“We all struggle to understand why some people who have survived trauma-be it combat, domestic violence, sexual or physical abuse, or the quieter but equally devastating covert traumas of oppression, neglect, isolation or living in extreme fear or stress-exhibit tremendous resilience and lead full, Wholehearted lives, while others become defined by their trauma. They may become perpetrators themselves of the violence they suffered, they struggle with addiction, or they’re unable to escape the feeling that they’re victims in situations where they’re not.”
“After studying shame for six years, I knew that part of the answer was shame resilience-the people with the most resilience intentionally cultivated the four elements that we discussed in earlier chapters. The other part of the answer felt elusive to me until I started my new research interviewing people about Wholeheartedness and vulnerability. Then it made perfect sense. If we’re forced into seeing the world through the Viking-or-Victim lens as a survival mechanism, then it can feel impossible or even deadly to let go of that worldview. How can we expect someone to give up a way of seeing and understanding the world that has physically, cognitively, or emotionally kept them alive? None of us is ever able to part with our survival strategies without significant support and the cultivation of a replacement”- Brene Brown.
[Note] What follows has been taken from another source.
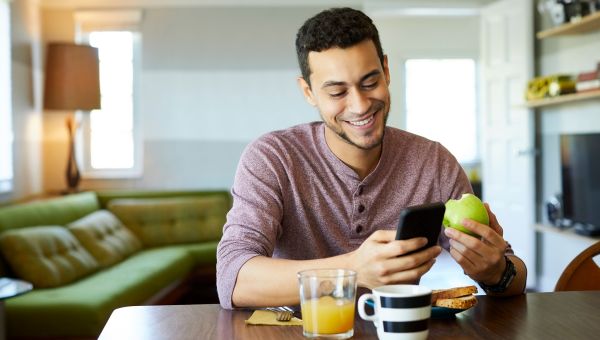 man eating an apple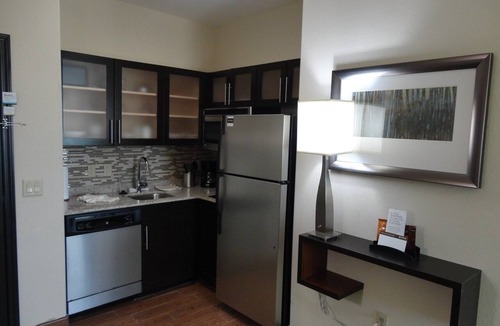 Northfield Apartment | Suite Near the Central Park Rail Station | Free Breakfast Buffet, Pool Access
Reading this quote, I was immediately reminded of Dally from The Outsiders. “Stupid, Johnny!” he screams, frustrated as he slams his fists against the wheel, “What was he thinking? Running into that church to save some kids? You got to be tough, like me…” The irony, of course, is that as he preaches the gospel of acting “tough,” tears well up in his eyes. Dally exemplifies what scholar and vulnerability expert Dr. Brene Brown would call the Viking mentality as a means of self-protection.
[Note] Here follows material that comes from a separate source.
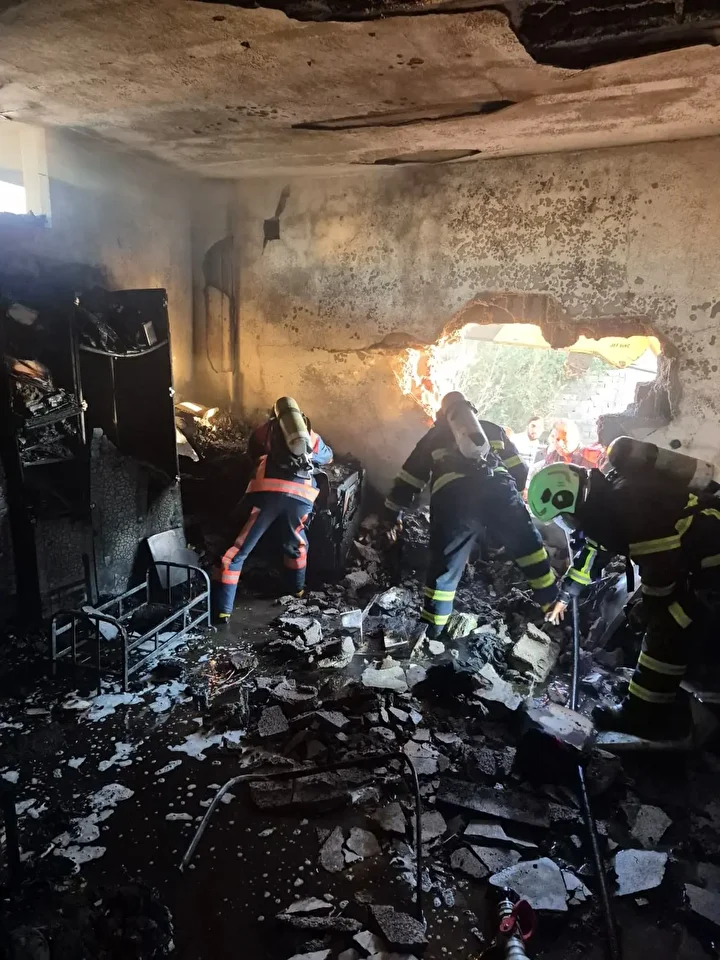 mardinde mesken yangini uc yasindaki bekir oldu 12 yarali 3 Lh6Kwyil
A Greaser-like Johnny and Pony Boy-from the wrong side of the tracks, Dally was born into a world of switchblades and gang violence. But unlike Pony Boy- who cultivates shame resilience in response to his environment by finding refuge in the pretend worlds of movies and books-Dally reacts by fortifying his emotional armor. His emotional vacancy behaves as a survival mechanism as it provides a means of coping with the brutal, senseless violence he witnesses on a daily basis. The ongoing war between Greasers and Socs constantly has him on the defensive, looking over his shoulder, glancing behind his back to check if anyone’s there. And why wouldn’t it? His leather jacket and greasy, unkempt hair always make him a potential target.
In psychoanalytical terms, Dally’s masculine insistence on “being tough” represents a refusal to be vulnerable enough to experience human emotion; it’s a coping strategy. In his vicious, cutthroat maze of allegiances where, at any moment, a trivial argument between a Greaser and a Soc could erupt into a deadly brawl, this defense mechanism has served him well. After all, if he allowed himself to really mourn those he’s lost to either street fights or jail, if he permitted himself to really feel the fear of walking home alone at night, how could he go on?
Dally’s philosophy on “being tough” may prevent these traumatic experiences from penetrating his emotional armor, but his insensitivity is a double-edged sword. Because he shuts out painful experiences like parental abuse and neglect, Dally must also deny himself acquaintance with more exulted emotions like human love, connection, and the simple pleasure of a sunset.
“Tough” may be synonymous with “resilient” in the dictionary; however, it is exactly Dally’s toughness that impedes his ability to cope with Johnny’s death and eventually leads to his demise. Had Dally the vulnerability tools to handle something as devastating as a friend’s death, he may not have channeled his rage into as illicit and hostile activities as robbing a liquor store. Before even pulling out a gun on the cashier, his behavior is rude and confrontational: while browsing through magazines, he slams his hand against the stand and-when the cashier with glasses asks if he wants to buy anything- he starts pulling pages out of Sports Illustrated one by one.
Why is it that certain people react to tragedy with sadness and others with anger? For Dally, to truly feel the enormous loss of Johnny would be intolerable. Sadness would make him feel weak. Anger, however, makes him feel strong; it gives him a sense of control.
Like anger, violence empowers Dally by allowing him to enact his will upon other people. If he can shove his fury at someone else, he thinks, then he’ll feel better. That’s how he’s been raised. Abused? Abuse. Fight? Fight back. For men like Dally who’ve been taught violence as a means of releasing emotion, anger is far more manageable than grief. You can fight a gang of Socs who corner you in a dark alley but you can’t defeat difficult emotions like those of losing someone. Dally’s homicidal rage and consequential death at the end of the film only prove what Brene Brown found in her six year study of vulnerability: vulnerability is necessary to joy, love and belonging while its opposite-invulnerability-is an ineffective means of coping with loss.